Collected data
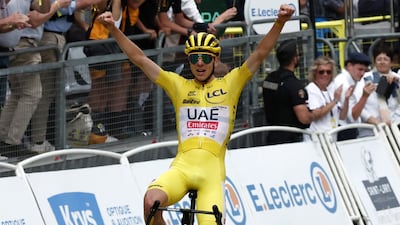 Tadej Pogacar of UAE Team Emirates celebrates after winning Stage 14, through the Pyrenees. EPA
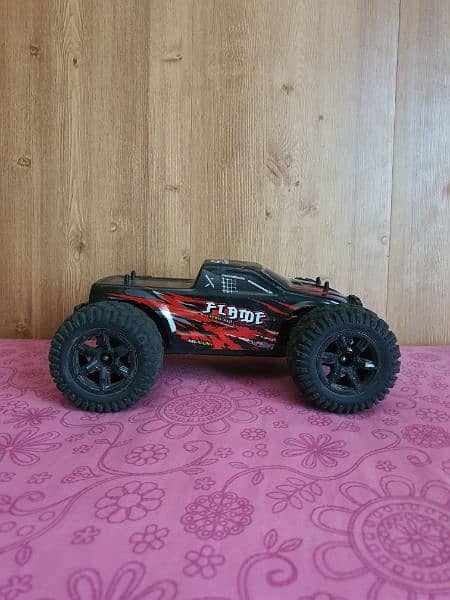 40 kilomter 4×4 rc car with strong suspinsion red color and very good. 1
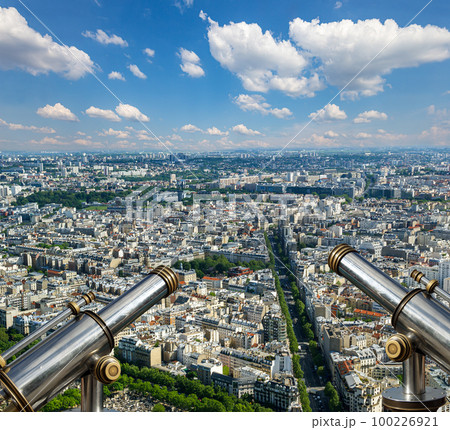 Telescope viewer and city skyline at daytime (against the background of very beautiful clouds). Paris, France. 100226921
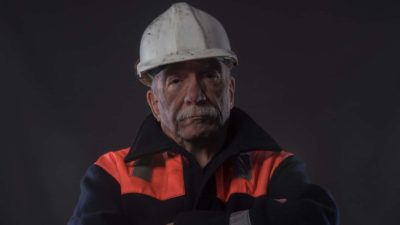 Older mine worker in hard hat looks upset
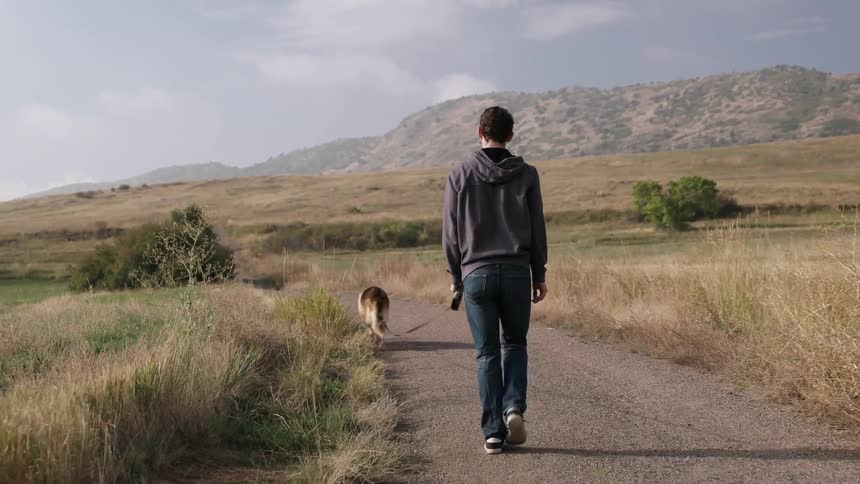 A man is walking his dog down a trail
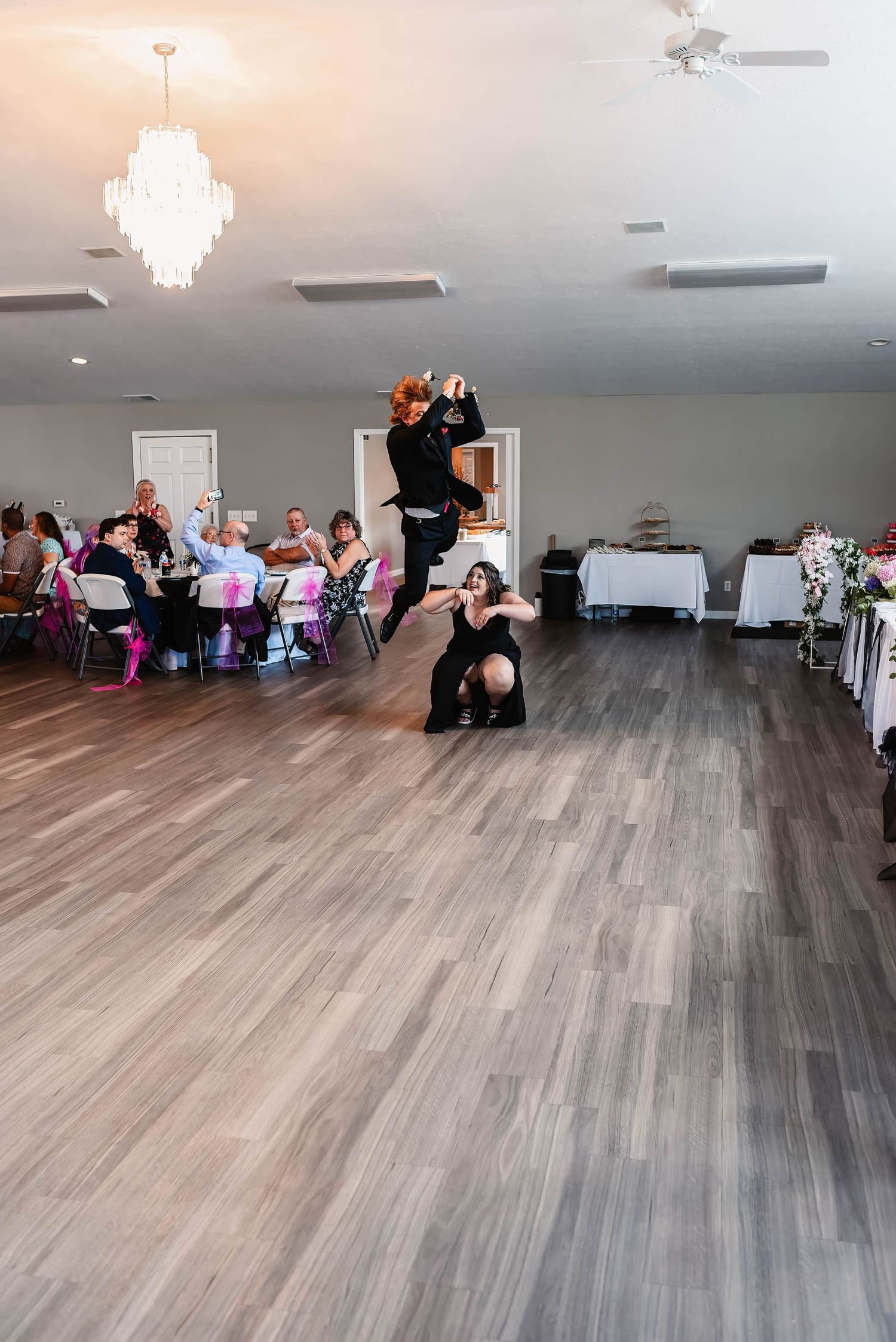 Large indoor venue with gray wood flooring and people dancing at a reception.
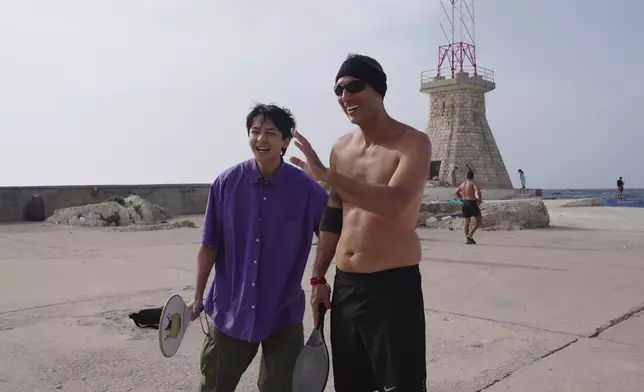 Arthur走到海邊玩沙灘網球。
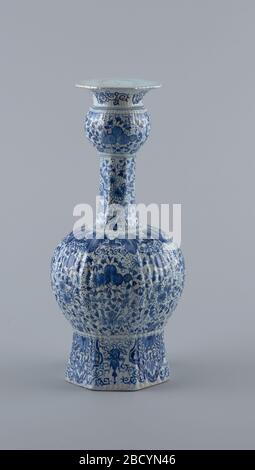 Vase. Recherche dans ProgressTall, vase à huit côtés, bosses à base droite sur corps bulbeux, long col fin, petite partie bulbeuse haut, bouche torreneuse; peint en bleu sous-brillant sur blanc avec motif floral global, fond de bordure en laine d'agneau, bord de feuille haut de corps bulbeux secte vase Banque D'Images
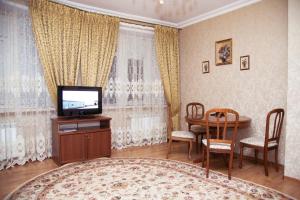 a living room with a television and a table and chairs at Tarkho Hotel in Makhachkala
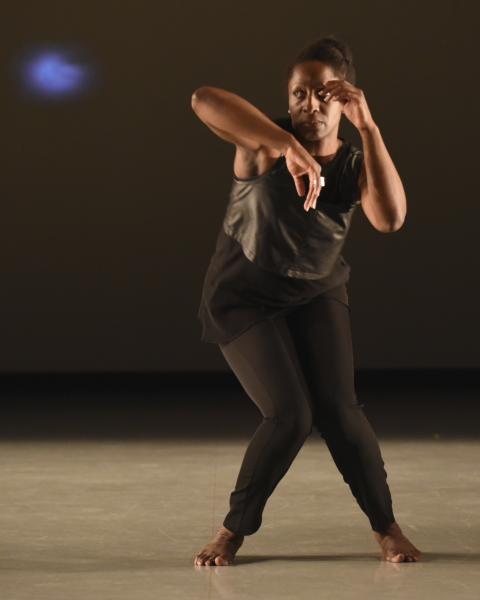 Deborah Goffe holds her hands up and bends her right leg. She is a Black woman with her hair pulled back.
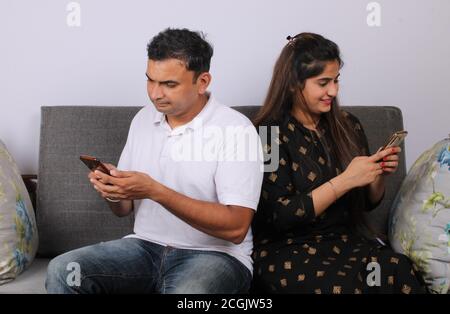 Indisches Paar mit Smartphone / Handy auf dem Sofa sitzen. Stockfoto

...

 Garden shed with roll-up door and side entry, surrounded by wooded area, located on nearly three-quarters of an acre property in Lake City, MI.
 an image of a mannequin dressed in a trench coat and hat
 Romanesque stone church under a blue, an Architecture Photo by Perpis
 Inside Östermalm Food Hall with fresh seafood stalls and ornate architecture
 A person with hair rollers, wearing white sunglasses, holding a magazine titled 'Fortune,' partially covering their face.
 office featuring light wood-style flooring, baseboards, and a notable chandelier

Assignment — When copying from the data above, begin at the line containing "Deborah Goffe holds" and end at the line containing "Indisches Paar mit"; return those lines exactly and leave all pictures behind.

Output for this task —
 Deborah Goffe holds her hands up and bends her right leg. She is a Black woman with her hair pulled back.
 Indisches Paar mit Smartphone / Handy auf dem Sofa sitzen. Stockfoto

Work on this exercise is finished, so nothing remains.